CM: Throughout Some Kind of Fairy Tale, characters refer to the beings Tara claims to have lived with as fairies, but she says they would reject that name. Although they’re very different to the Tooth Fairy, there’s a similar sense that these beings have immense knowledge but also brutality in them. In childhood, most people are subjected to a deluge of flower fairies and sanitised and Disneyfied fairy tales. When did you first become aware of the darker side of fairy tales?
GJ: I have a very old book in which the illustrations are scary. I had it as a child – still have it. It sat utterly at odds with other illustrations. Then much later I began to read people like Jung and Bettelheim et al and it occurred to me that when the shadow steps out, not only is it sometimes not sweet, but sometimes it stays out. The djinn that doesn’t want to go back in the bottle is a much better way of apprehending this than with the sanitised Victorian flower fairy. It led me to speculate how they would feel about being portrayed in this way. But there are other antecedents. Puck in A Midsummer Night’s Dream is not being compassionate but vicious when he/she says “Shall we their fond pageant see?/Lord, what fools these mortals be!” When you read J M Barrie (as opposed to watching a pantomime or a Disney version), Tinkerbell is a spiteful little creature and Peter Pan was initially conceived as the antagonist, which is why he is  menacing in the early sequences; Barrie said he changed his mind half way through and introduced Hook as the new antagonist. So the real, dangerous nature of these beings is in evidence in literature but it has been obscured by the Victorian lace-wings and the acorn-cup.

CM: In Some Kind of Fairy Tale, the horrifying true story of Bridget Cleary is referenced both in quotes from the court transcript and by Tara’s psychiatrist. Where did you find out about this story and how did it feed into your writing?
GJ: This story was a scandal in Ireland and I stumbled across it in the somewhat academic magazine Folklore, which has been going since 1878, just before the burning of Bridget Cleary. The scandal is better known in Ireland than it is here but the court transcripts detail the full horror. It was after all only a century ago and I read the transcripts with mounting horror. I’m sure some of the defendants believed what they thought they had done. The point was an entire little clan group joined in, encouraged by a shanachie (traditional Irish storyteller) who also acted as wise-man to the community. It’s there in the story to remind us how belief works in a community, but running two-ways. On the one hand it helps you to doubt Tara’s story but on the other hand it shows you how easy it would have been to blame Richie for Tara’s disappearance.
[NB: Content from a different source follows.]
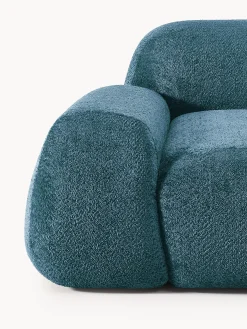 Divano angolare componibile 4 posti in teddy-bouclé Wolke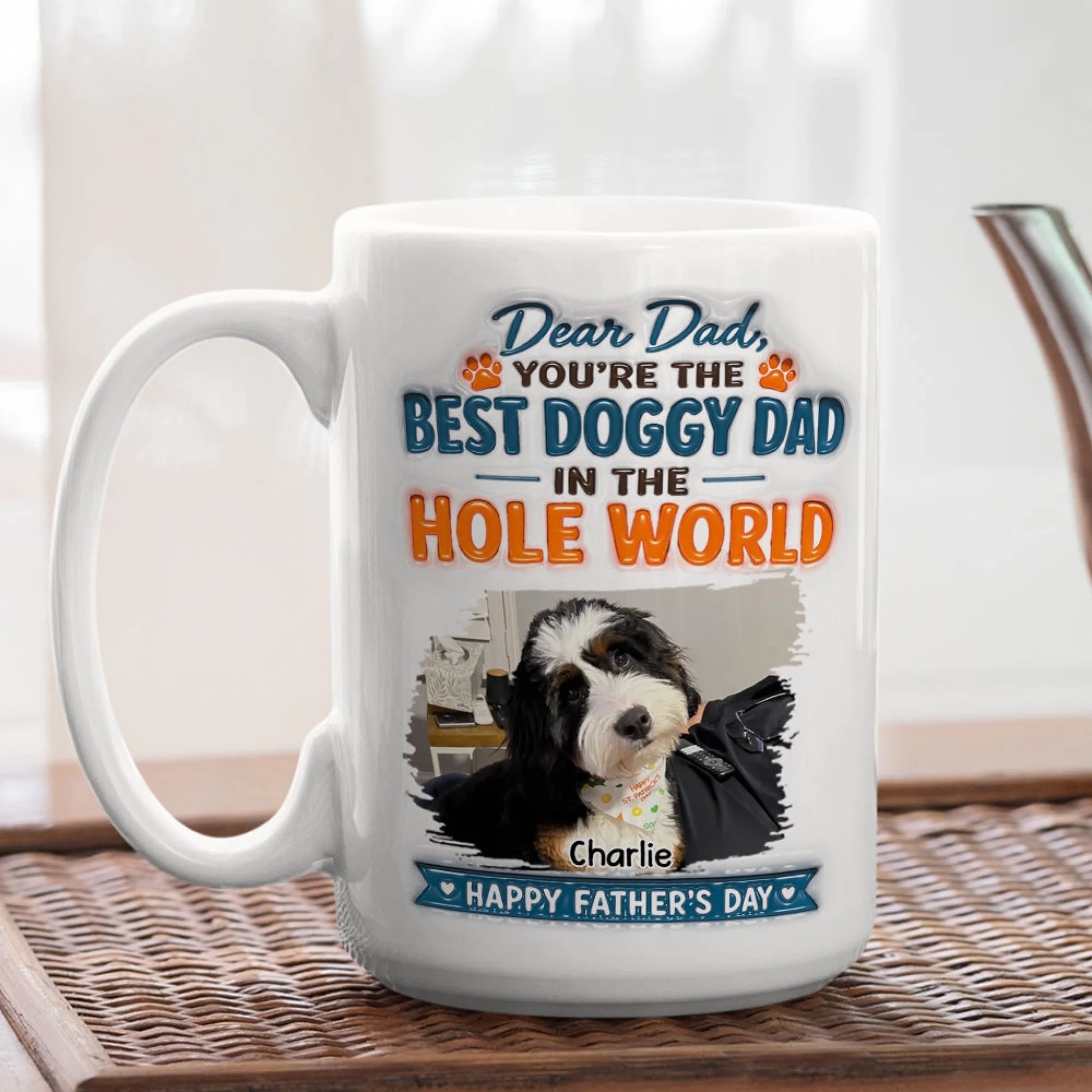 Proud Dog Dad Always Photo  Personalized Custom  Coffee Mug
CM: It's absolutely about the belief running two ways and I think you use it to fantastic effect. I'm editing a children's book at the moment based on the 1612 Lancashire Witch Trials and I can see real parallels in terms of the way communities can believe in supernatural powers and the horrifying results of these things being feared and taken seriously.
GJ: I think small communities can be taken over by these things and so can an entire state (Germany under Hitler was in the grip of an occult belief in almost supernatural primacy of the race). But there is always a mythology underpinning these beliefs, reinforced by an authority, whether it's the Irish storyteller/wise-man or the Third Reich.
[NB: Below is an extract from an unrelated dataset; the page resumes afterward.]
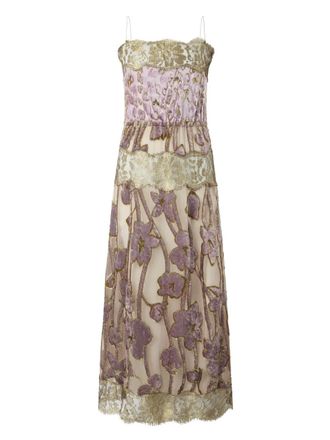 Roberto Cavalli Abito con motivo a fiori - Toni neutri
CM: Some Kind of Fairy Tale really resonated for me in its depiction of the ways we can hide from or acknowledge the realities of becoming a grown-up, whilst The Tooth Fairy took me back to the terror of teenage years. Do you find certain periods in life particularly appeal to you as a writer?
GJ: The teenage years are fascinating because self-identity is still resolving. It exists in a state of potential. Young people try out different versions of themselves (and some people get trapped forever in a version they perhaps never wanted). Tara either didn’t want to grow up or had the possibility of growing up taken away from her. But in that she gained many things as well as lost things. Richie was left behind but he similarly got trapped in time. In some ways the sub-plot with Jack is all about having to deal with responsibility. It’s not so much that particular periods of life appeal to me to write about, it’s more the dynamic between different periods that I enjoy writing about.

CM: Some Kind of Fairy Tale and The Silent Land are both moving stories of love and loss. You brilliantly capture the kind of moments that can seem small and mundane but have beauty and power enough to reverberate through a lifetime. When you first begin work on a new idea do you find your focus pulled more towards the central relationships or the fantastical elements of the story?
GJ: The central relationships come first for me. I think this is why some perhaps dedicated Fantasy readers don’t always feel they get what they want from my books. There is fantasy, there is magic and the supernatural in my books, but those things only interest me for what they reveal about the characters. There are some different traditions of fantasy around and I belong to the tradition that looks for the magical in human beings, not for human beings in the magical.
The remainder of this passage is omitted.